JOCKEY veers from the norm of typical Sports Drama fare. This isn’t Seabiscuit nor is it Secretariat. Nobody’s winning the Kentucky Derby. Director/Co-Writer Bentley who actually grew-up around Horse Racing, explores the losses and sacrifices that Jackson (Collins) has endured as a tenured jockey. We meet him going about his daily routine, working closely with Owner/Trainer Ruth (Molly Parker) and he has been having a tough go of late. He’s above optimal weight in a sport in which pounds matter, he’s battling potentially career-ending back injuries and still trying to get those mounts that will put him back in fighting form. He notices an up-and-coming rider named Gabrial (Moisés Arias) who’s been following him track to track and both have reason to believe that Jackson might actually be his father. Taking Gabrial under his wings, the two form a bond but the fitter that the young jockey gets, Jackson‘s struggles become even more realized and along with Jackson, we contemplate his longevity in the sport.
JOCKEY doesn’t reach too far and there are no big plot twists or gimmicks. Rather than concerning itself with the technicalities of this high stakes sport, it is grounded in Jackson‘s coming to terms with where he is today at a crossroads in his life. Despite life having dealt him some disappointments, his true character shines through where he meets Gabrial‘s arrival with skepticism, but opens his heart to him like a father would. And this renewed vigor spills into his relationship with Ruth, sparking a moment where we think something might develop between the two longtime friends, who are are focused on developing a potential star for a big upcoming race, the Futurity. The horse might be Jackson‘s ticket back to the top.

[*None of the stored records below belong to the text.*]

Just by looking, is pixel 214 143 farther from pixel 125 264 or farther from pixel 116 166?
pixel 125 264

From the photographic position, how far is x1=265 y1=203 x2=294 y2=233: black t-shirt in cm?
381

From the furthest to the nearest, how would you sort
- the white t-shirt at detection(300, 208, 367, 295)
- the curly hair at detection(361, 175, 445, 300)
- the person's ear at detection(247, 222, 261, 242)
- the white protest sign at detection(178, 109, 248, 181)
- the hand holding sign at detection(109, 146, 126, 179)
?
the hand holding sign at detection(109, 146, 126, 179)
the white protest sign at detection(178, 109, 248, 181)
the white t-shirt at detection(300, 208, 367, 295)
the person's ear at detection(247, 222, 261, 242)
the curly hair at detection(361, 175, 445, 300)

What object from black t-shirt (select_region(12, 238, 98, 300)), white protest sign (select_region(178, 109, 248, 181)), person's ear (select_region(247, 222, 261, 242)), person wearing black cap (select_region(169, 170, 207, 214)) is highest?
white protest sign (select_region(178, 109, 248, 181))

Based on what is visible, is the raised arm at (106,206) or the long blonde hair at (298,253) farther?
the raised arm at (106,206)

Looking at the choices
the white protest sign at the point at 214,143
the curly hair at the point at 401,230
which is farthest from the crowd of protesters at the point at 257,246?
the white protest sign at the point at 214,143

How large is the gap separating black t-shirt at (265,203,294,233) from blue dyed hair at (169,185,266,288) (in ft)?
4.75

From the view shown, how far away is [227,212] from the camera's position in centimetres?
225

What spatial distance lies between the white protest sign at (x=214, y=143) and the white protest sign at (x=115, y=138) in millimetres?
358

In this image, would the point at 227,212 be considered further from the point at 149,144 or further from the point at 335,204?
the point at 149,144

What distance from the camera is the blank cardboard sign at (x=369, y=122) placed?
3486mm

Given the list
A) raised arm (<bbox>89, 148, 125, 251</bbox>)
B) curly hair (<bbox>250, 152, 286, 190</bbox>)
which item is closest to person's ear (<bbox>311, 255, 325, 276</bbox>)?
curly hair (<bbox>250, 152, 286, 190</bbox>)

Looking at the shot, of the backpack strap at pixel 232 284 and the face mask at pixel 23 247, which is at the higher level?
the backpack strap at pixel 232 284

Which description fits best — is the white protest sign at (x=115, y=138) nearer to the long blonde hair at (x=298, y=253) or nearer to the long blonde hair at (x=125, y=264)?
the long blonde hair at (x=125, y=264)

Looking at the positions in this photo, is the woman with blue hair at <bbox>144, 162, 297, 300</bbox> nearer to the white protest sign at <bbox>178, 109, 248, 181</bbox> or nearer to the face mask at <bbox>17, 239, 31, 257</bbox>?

Bentley makes some wise choices and in JOCKEY’s understatedness, we get an accurate depiction of life in the business. One poignant scene pairs Collins in a circle with some actual working jockeys who talk candidly about some of the horrific injuries they have endured. Broken noses and eye sockets, loss of taste and smell and all. Also, the pressures for Jackson to meet an ideal weight and to be fit are palpable in Jackson‘s struggles. We witness the reality of Ruth having the choice to replace Jackson as her rider at any moment despite them being as close as they are. These however, only are part of the backdrop of the story, as we join our hero on his search for himself once again, while trying to uncover the truth whether or not this young man who shows-up unexpectedly in his life, is in fact his son.

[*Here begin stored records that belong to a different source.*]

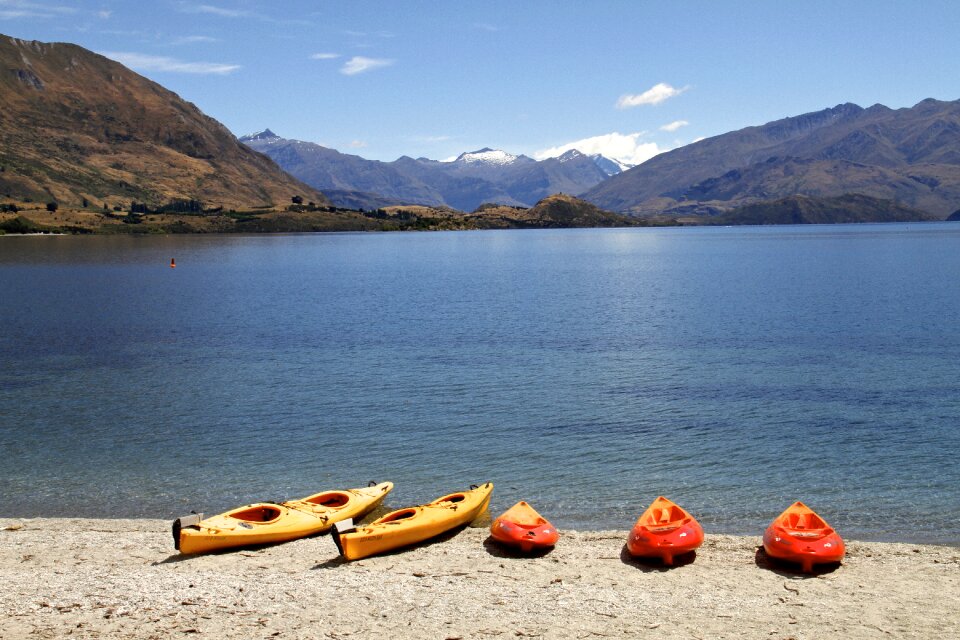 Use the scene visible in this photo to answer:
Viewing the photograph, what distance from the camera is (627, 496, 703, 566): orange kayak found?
82.8 feet

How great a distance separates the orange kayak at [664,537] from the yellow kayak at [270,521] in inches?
420

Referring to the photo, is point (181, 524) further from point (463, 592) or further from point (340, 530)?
point (463, 592)

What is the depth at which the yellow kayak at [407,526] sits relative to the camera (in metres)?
26.1

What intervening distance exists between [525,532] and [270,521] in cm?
901

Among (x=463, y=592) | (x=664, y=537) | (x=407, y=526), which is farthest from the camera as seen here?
(x=407, y=526)

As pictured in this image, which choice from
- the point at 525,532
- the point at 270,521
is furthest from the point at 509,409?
the point at 270,521

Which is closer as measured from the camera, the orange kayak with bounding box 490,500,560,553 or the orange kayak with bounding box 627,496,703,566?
the orange kayak with bounding box 627,496,703,566

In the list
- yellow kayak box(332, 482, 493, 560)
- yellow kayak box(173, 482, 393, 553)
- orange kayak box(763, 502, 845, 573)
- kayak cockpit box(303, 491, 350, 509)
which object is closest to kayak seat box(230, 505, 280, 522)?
yellow kayak box(173, 482, 393, 553)

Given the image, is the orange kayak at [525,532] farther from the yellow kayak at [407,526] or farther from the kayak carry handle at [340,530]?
the kayak carry handle at [340,530]

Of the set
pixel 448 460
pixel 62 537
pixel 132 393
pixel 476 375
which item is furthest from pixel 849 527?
pixel 132 393

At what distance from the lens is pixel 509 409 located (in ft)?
160

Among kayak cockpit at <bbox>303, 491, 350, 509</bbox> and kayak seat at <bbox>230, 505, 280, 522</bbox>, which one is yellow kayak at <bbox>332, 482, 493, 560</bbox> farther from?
kayak seat at <bbox>230, 505, 280, 522</bbox>

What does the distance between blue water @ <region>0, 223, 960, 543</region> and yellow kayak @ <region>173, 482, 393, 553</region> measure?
3318mm

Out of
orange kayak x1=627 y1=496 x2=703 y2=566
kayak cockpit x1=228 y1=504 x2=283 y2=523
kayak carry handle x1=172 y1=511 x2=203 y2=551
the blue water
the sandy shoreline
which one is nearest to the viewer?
the sandy shoreline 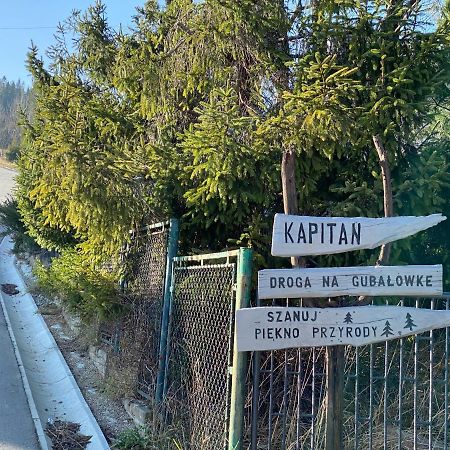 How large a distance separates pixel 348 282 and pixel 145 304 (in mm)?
3413

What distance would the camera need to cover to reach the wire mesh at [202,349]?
423 centimetres

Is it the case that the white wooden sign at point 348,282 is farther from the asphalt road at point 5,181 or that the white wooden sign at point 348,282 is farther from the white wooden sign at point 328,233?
the asphalt road at point 5,181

Cinematographer Adolpho Veloso takes the dim backstretch and Jock’s Room, making moments with Jackson feel intimate, taking us into his headspace. He also captures so beautifully the sunny skies and hypnotic palm tree silhouettes of Turf Paradise, helping us see why this is a way of life for many.
Collins clearly has done his research and navigates Jackson‘s world with the weight he bears, the regrets he holds and the limitations of his body. While it is a shame he didn’t land in the Best Actor category at the upcoming Academy Awards, he surely was in close contention and if he missed, it surely was by the narrowest of margins.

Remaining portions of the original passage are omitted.